What the task asks
The lines below, from the one containing "Tools rund um" through the one containing "蜂鸟影院读完再发言：先问前提有没有交代，再把推断降成假设句（读完更清醒）", should be set down exactly, with no pictures and nothing else.
-- Dataset records follows --
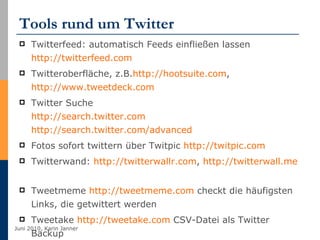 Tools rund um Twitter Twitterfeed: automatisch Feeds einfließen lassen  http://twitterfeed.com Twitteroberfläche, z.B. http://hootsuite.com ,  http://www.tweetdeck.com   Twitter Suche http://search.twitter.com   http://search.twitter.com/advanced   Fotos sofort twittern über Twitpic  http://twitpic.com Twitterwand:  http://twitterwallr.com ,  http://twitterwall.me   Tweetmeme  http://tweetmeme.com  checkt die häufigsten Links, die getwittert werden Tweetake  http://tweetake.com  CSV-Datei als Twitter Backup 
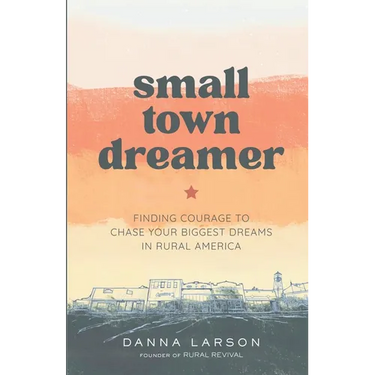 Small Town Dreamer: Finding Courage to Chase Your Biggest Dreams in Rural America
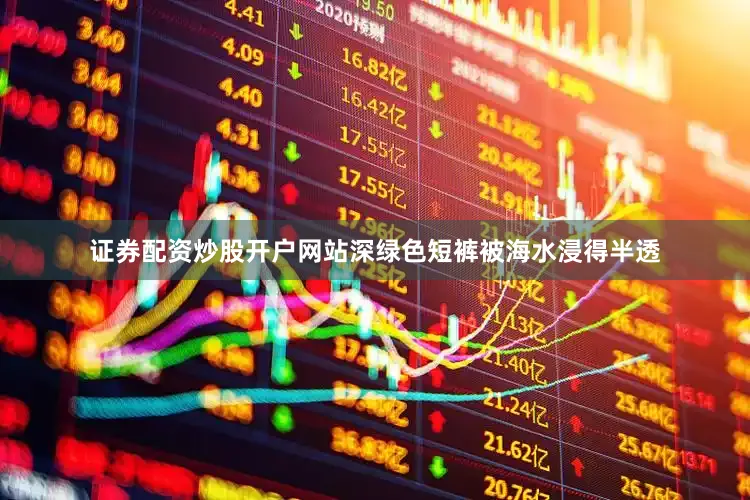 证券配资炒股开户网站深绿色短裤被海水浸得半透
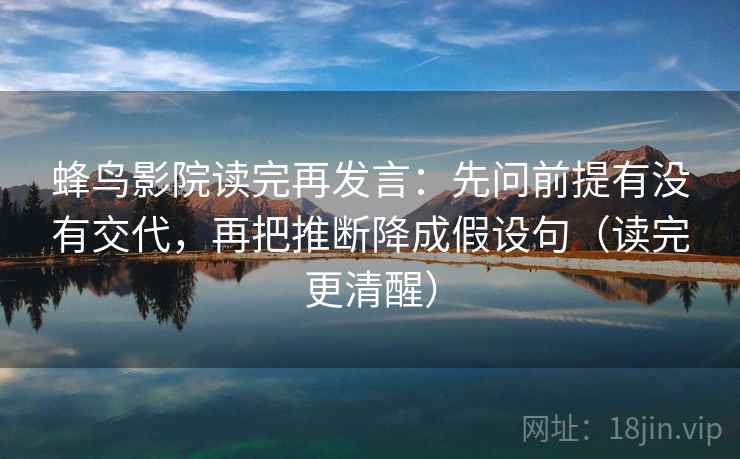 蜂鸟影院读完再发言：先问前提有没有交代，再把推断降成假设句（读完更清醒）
-- Dataset records concluded --
-- Dataset records follows --
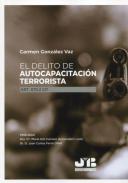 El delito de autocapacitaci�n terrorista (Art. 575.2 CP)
-- Dataset records concluded --
-- Dataset records follows --
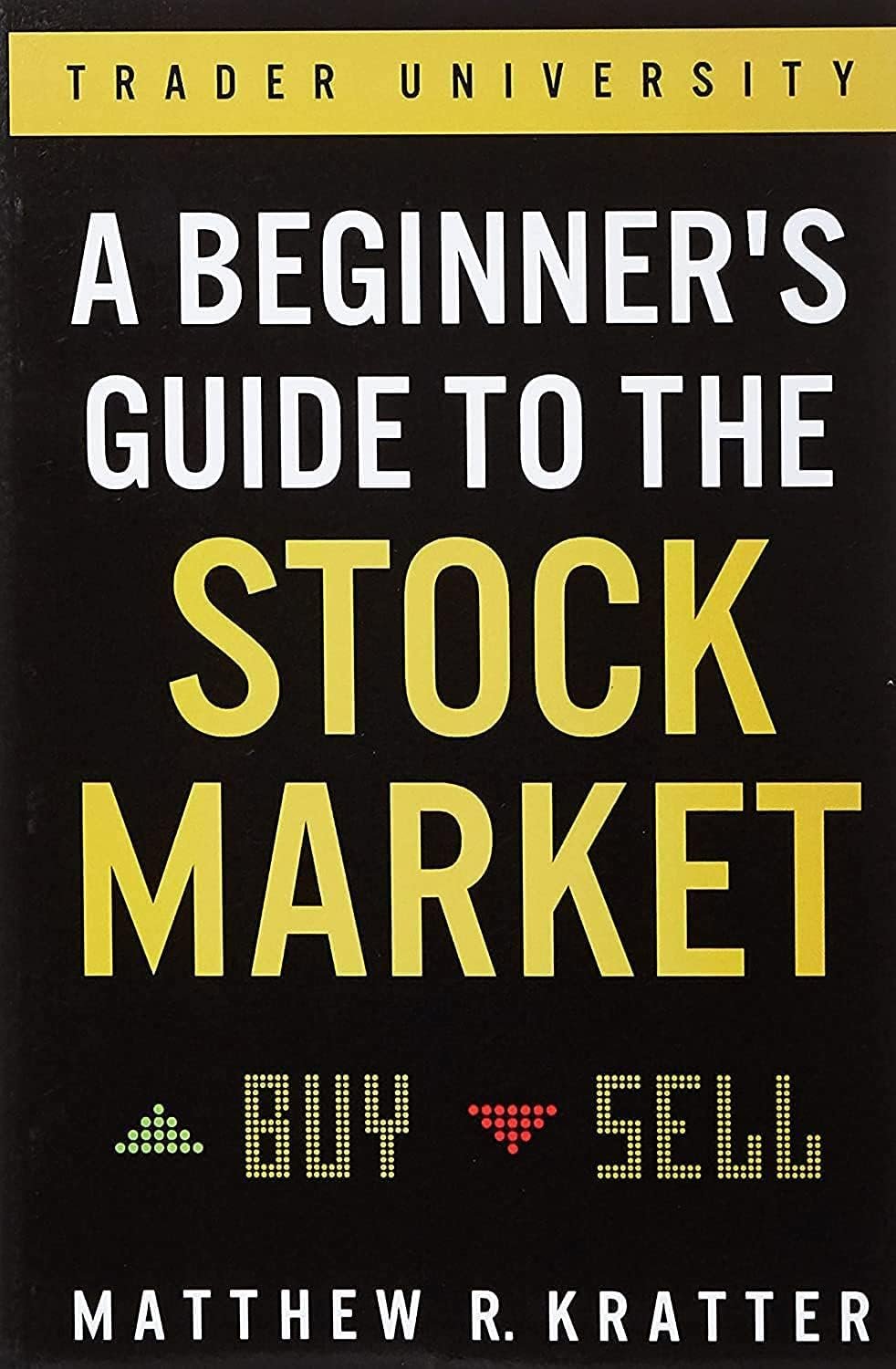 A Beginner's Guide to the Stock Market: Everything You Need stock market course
-- Dataset records concluded --
Output for this task
 Tools rund um Twitter Twitterfeed: automatisch Feeds einfließen lassen  http://twitterfeed.com Twitteroberfläche, z.B. http://hootsuite.com ,  http://www.tweetdeck.com   Twitter Suche http://search.twitter.com   http://search.twitter.com/advanced   Fotos sofort twittern über Twitpic  http://twitpic.com Twitterwand:  http://twitterwallr.com ,  http://twitterwall.me   Tweetmeme  http://tweetmeme.com  checkt die häufigsten Links, die getwittert werden Tweetake  http://tweetake.com  CSV-Datei als Twitter Backup 
 Small Town Dreamer: Finding Courage to Chase Your Biggest Dreams in Rural America
 证券配资炒股开户网站深绿色短裤被海水浸得半透
 蜂鸟影院读完再发言：先问前提有没有交代，再把推断降成假设句（读完更清醒）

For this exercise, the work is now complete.